When SEMR converts some portion of the top-of-funnel users to paying customers, it keeps those customers for some period of time, collecting subscription fees, and it also may sell those customers new products during that time – not to mention the potential for price increases. So the S&M expense is in period 1, but the income that expense generates comes in many periods into the future. This makes the marketing expense seem a lot more like investment than expense, especially for a subscription model like SEMR where there is a pretty clear relationship between these expenditures and the revenue they tie to. In my mind, it is this direct relationship between S&M/the funnel and subscription revenue via customer conversion that makes viewing S&M as an investment rather than an expense reasonable. For more general sales and marketing initiatives for other kinds of businesses that may (or may not) lead to customers purchasing products/services via one-off transactions, I don’t think that capitalizing S&M is a great idea, or at least not very much of it should be capitalized – the relationship between the “investment” and the return in many of those cases is too tenuous.
But what about S&M expenses that are for existing customers?
Yes, SEMR might put on an annual conference for existing customers for example, and that seems more like an expense because it is tied to revenue from existing customers in the same period – the company is spending to maintain customers and the revenue they throw off. Yes, that amount is properly characterized as an expense and should stay on the income statement. So S&M seems to be a combination of investment and expense in a ratio that is different from company to company.
In the table below I show the percentages I used for separating R&D, S&M, and G&A between intangible investment and expense. You can see that for S&M I kept 20% of the expense as income statement expense to account for ongoing customer maintenance expenditures and capitalized the other 80%.

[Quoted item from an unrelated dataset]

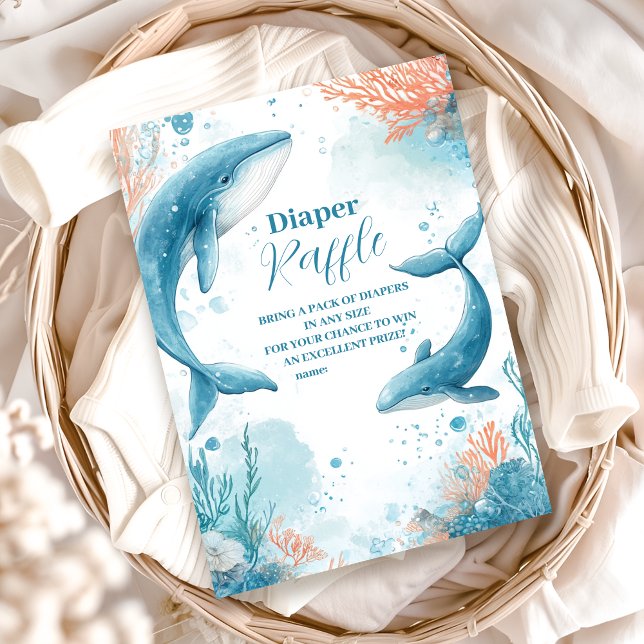 Tarjeta De Recepción Ballena acuática bajo el río Diapper (Subido por el creador)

Expense Category | % Capitalized (i.e., moved to B/S) | % Expense (i.e., stays on I/S) |
---|---|---|
Sales & Marketing | 80 | 20 |
General & Admin | 20 | 80 |
Research & Development | 80 | 20 |
In a future post I will get into the specific thinking behind the percentages I used for each item (note 100% of R&D was capitalized in the PharmaCo example) but for now, let’s just focus on the mechanical implications of these assumptions. Below is a look at what happens to these line items in the income statement post-adjustment. Note that this adjusted income statement also includes amortization of the capitalized intangibles as an expense – I will get into that later:
You can see the massive changes in the main 3 expense items in the adjusted version – for example, S&M in 2022 went from $127mm to $25mm. Even though we are now carrying an amortization expense, the reduction in the other expense items swamps this incremental expense, leading to positive PBT for the company. We also see 2022 proforma earnings of 38 cents. Putting aside everything we are discussing related to intangibles, one takeaway from this exercise is that these adjustments – if one deems them to be more reflective of economic reality – mean that now screens at a fairly reasonable earnings multiple given that the company has been growing revenue at 35-50% per year: the stock has traded lately in the range of $7 – $9, with 2022 earnings of 38 cents.
In the next post, I will get into calculating amortization for the capitalized expenses – we need to do this to get the amortization number for the income statement, but also the amortized value of these investments for the adjusted balance sheet, which will drive the new version or ROIC for this company. Of course, these numbers are just driven by assumptions, which are anyone’s subjective opinions and wrong or right, depending on one’s point of view. But at the very least, these assumptions introduce another perspective on the quality (or lack of quality) of the business, which I think makes the overall exercise probably worthwhile.